Task brief: An exact copy is needed of the lines in the entries below from the line with "Lynton and Cara" up to and including the line with "He Still Does Miracles Trucker Hat", and of nothing else. Leave the pictures out.

The input:
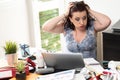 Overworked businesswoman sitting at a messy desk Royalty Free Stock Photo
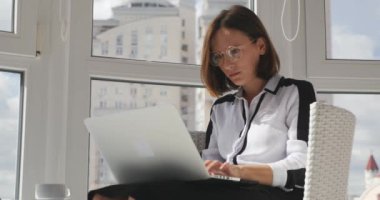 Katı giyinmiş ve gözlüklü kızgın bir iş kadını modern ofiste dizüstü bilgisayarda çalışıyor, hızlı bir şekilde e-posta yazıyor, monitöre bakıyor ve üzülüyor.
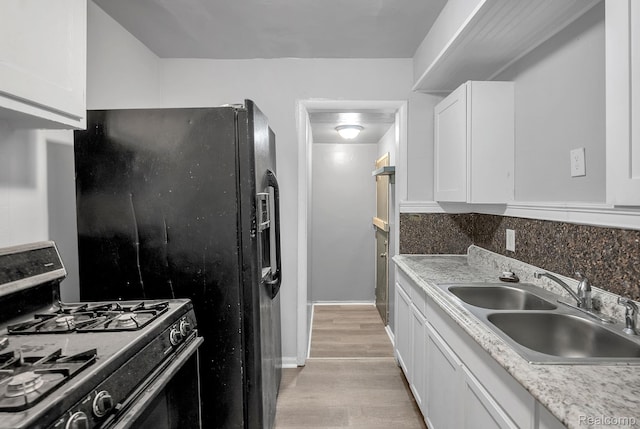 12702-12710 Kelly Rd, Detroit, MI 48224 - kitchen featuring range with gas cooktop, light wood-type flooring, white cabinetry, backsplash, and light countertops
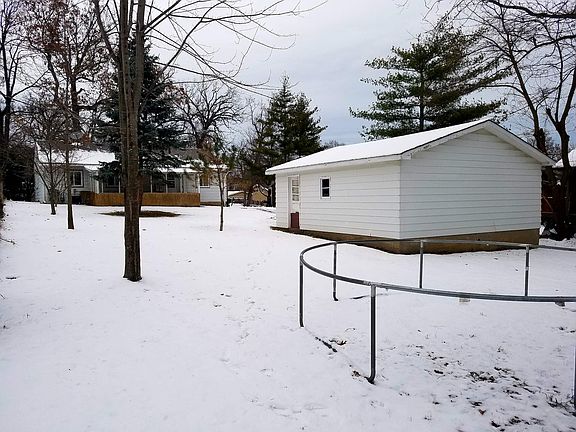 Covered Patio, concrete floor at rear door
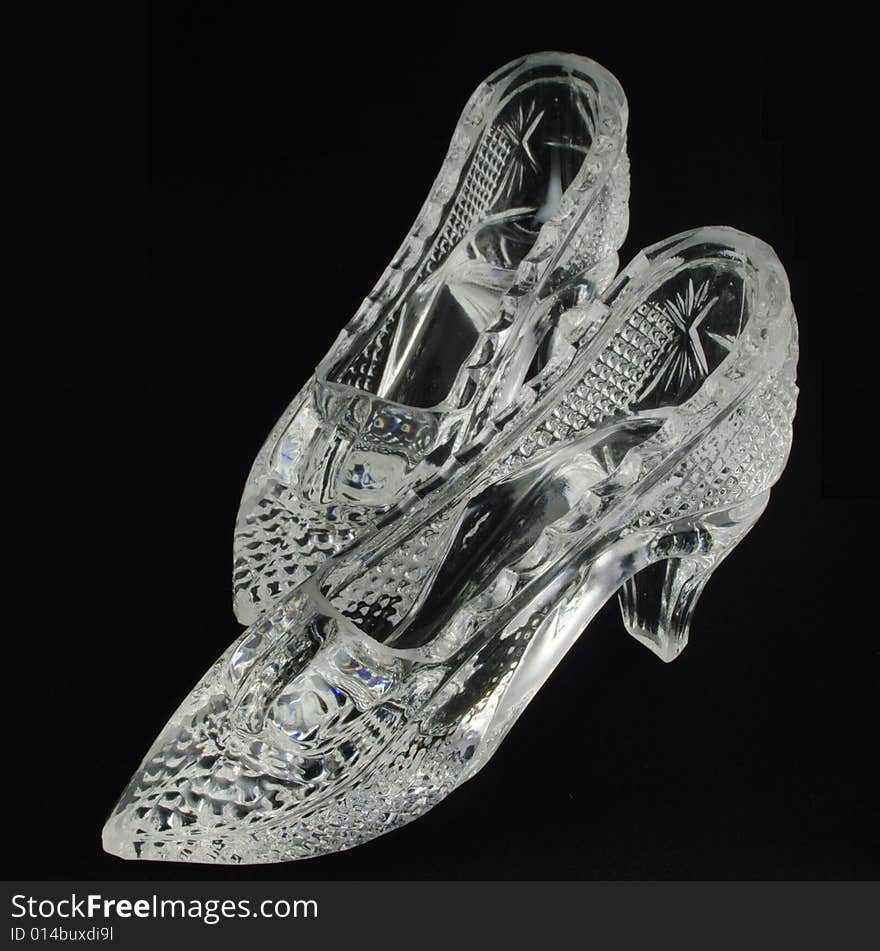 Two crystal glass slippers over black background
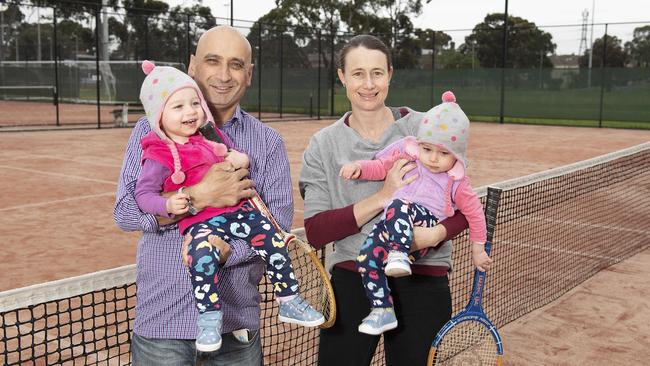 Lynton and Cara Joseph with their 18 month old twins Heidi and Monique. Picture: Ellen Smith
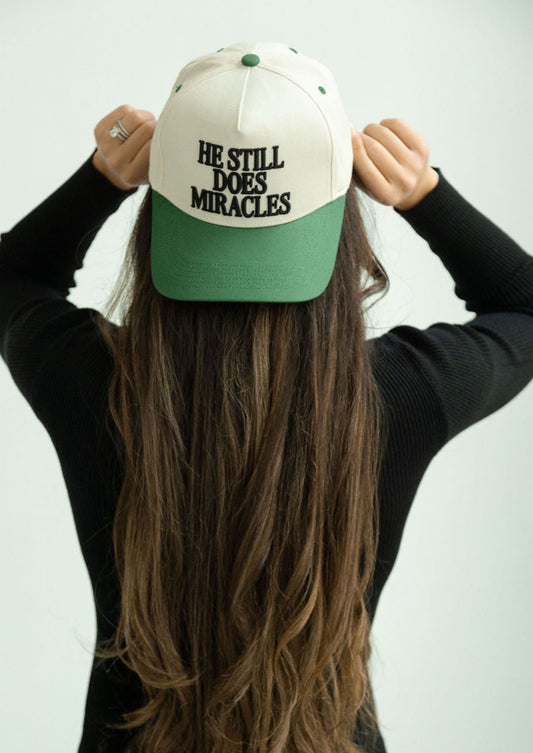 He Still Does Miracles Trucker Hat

==

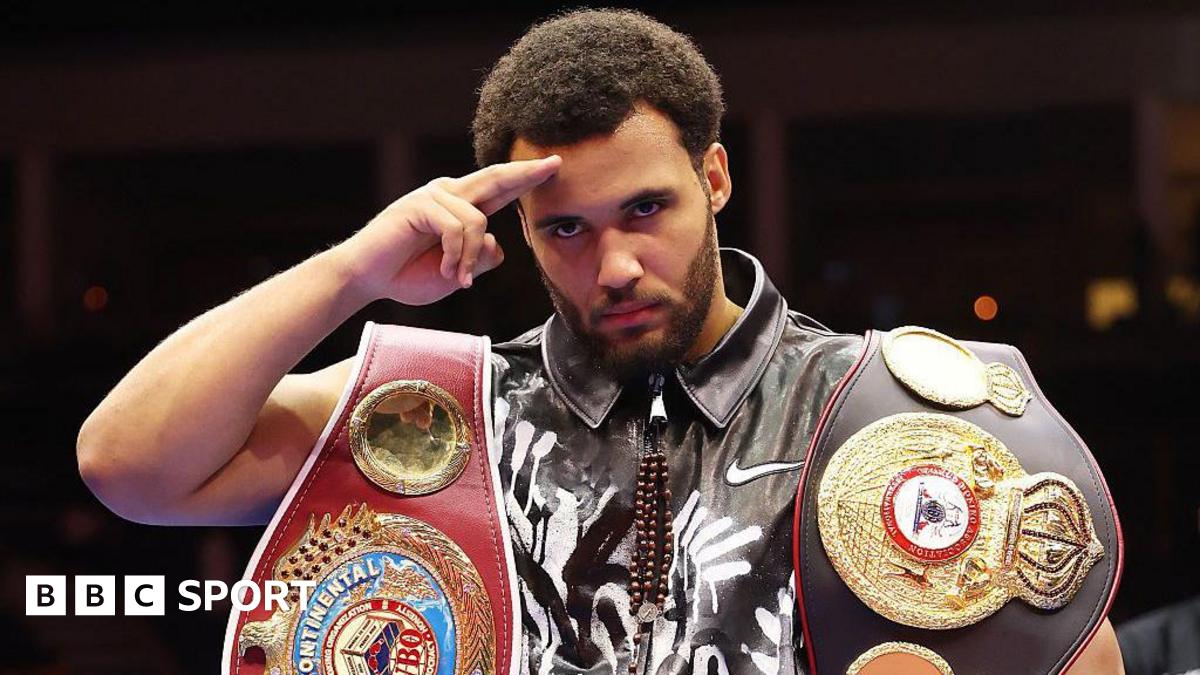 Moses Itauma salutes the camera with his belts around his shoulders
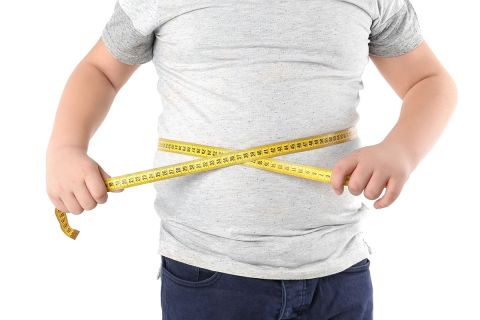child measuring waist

Task result:
 Lynton and Cara Joseph with their 18 month old twins Heidi and Monique. Picture: Ellen Smith
 He Still Does Miracles Trucker Hat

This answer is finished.